Голдсмит-эссеист и английская журналистика XVIII века | страница 24



Вместе с тем сравнивая различные формы управления - олигархию, деспотию и монархию английского образца, он несомненно отдает предпочтение последней и решительно предостерегает против всяких попыток ограничить право короны, из прозорливого недоверия к буржуазной демократии, потому что в итоге кучка ловкачей, "прикрывшись борьбой за общие права, может забрать в свои руки бразды правления и народ окажется в ярме, власть же достанется лишь немногим" (L). Однако, снова возвратясь к этой проблеме в CXXI письме, где он сравнивает восточную деспотию с английским строем, Голдсмит приходит к самому неутешительному выводу: на первый взгляд все, преимущества на стороне последнего; он, казалось бы, руководствуется разумом, предоставляет свободу дискуссии и пр. Чем же объяснить тогда его неустойчивость, его неспособность осуществить свои благие намерения? Оказывается, реформы, одобряемые одним сословием, вызывают противодействие других. В конце письма следует неожиданный, но по сути, неизбежный вывод: англичане пользуются иллюзией свободы. На самом деле они испытывают те же неудобства, которые терпят люди при деспотизме, ибо и здесь ничего нельзя изменить к лучшему.

Писателя можно не раз упрекнуть в непоследовательности. Но кто из просветителей этого периода, жаждавших общественных преобразований и устрашенных уже явственно ощутимыми плодами буржуазного прогресса, не испытывал колебаний, не начинал сомневаться в основных ценностях просветительской идеологии - в непреоборимой силе разума, в существовании естественных прав человека и т. д.
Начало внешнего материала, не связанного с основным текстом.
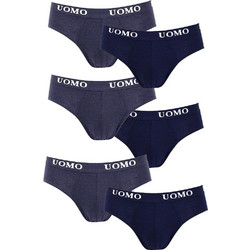 Uomo Ανδρικά Σλιπ Βαμβακερά 6Pack 1017-6P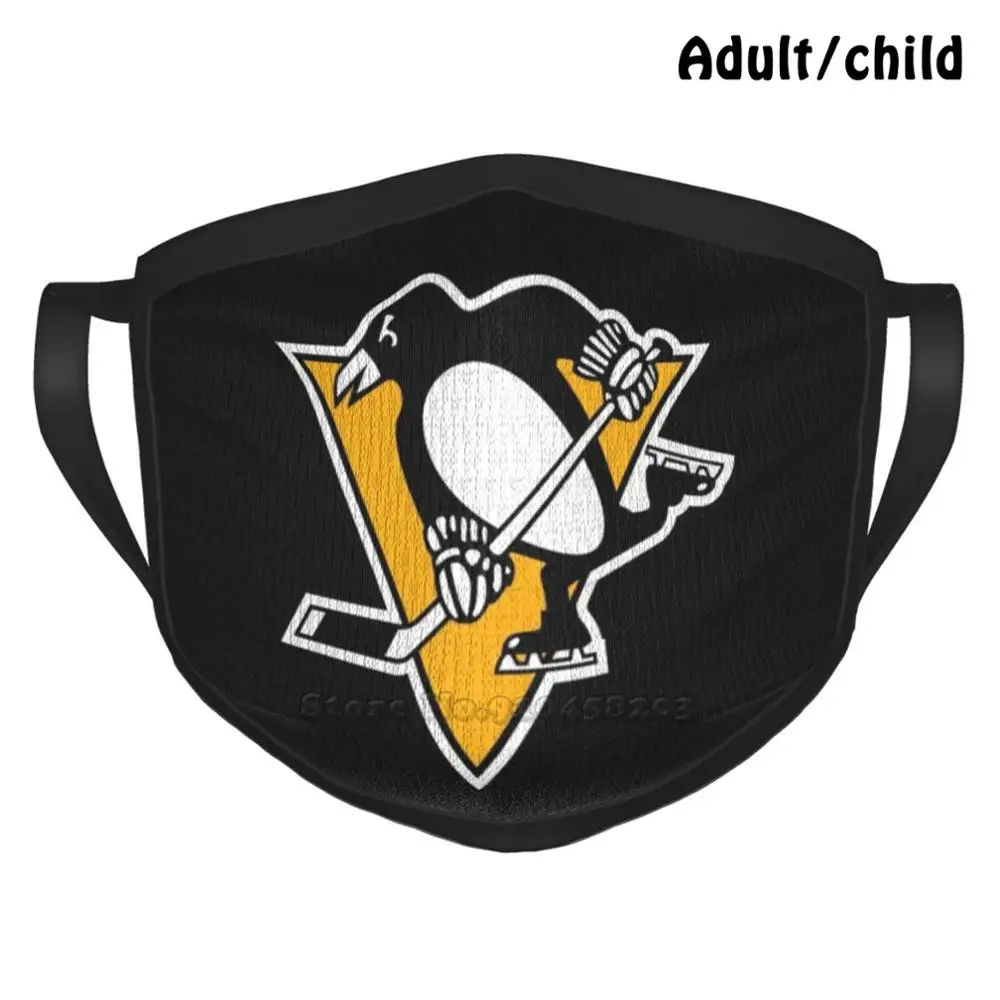 

Penguins-Pittsburgh Merch Fashion Print Funny Pm2.5 Reusable Face Mask Logo Penguin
Разве был свободен от них крупнейший авторитет Голдсмита - Вольтер? Голдсмит и своим происхождением, и жизненным опытом, и симпатиями теснее всего был связан с английским и ирландским крестьянством. Обездоленные, разоренные, лишенные крова бедняки - вот герои его главных произведений - поэмы "Покинутая деревня" и романа "Векфильдский священник". Здесь коренятся истоки подлинного демократизма, столь выделяющего его среди современных ему английских писателей, здесь и истоки многих его иллюзий, колебаний и даже некоторого консерватизма. Вот почему вольтерьянское свободомыслие и скептицизм в отношении многих феодальных институтов - монархии, религии и права - уживаются у него с присущей крестьянству идеализацией патриархальных нравов, гуманного государя и веры отцов и дедов.

Не случайно в одном из очерков "Гражданина мира" герой признается, что, стремясь всесторонне рассмотреть запутанный предмет, человек "неизбежно будет часто менять свои взгляды, блуждать в разноголосице мнений и противоречивых доказательств" (CXXI). Размышлял над этими неразрешимыми для него вопросами и Голдсмит. Тому, кто знаком с "Векфильдским священником", где не раз высказывается мысль, что только религия способна принести утешение бедняку, что единственна" надежда угнетенных - на небесное блаженство, странно будет читать в "Гражданине мира" строки: "В каждой стране, мой друг, брамины, бонзы и жрецы морочат народ... жрецы указуют нам перстом путь на небеса, но сами стоят на месте и не торопятся проделать этот путь" (X). В предисловии к роману Голдсмит говорит, что в пасторе Примрозе "воплощены три важнейших назначения человека на земле: он - священник, землепашец и отец семейства", а в XXV очерке "Гражданина мира" он пишет, что устное увещевание необходимо только дикарю и что "в век просвещения почти каждый становится читателем и внемлет поучениям типографского станка, а не с церковной кафедры".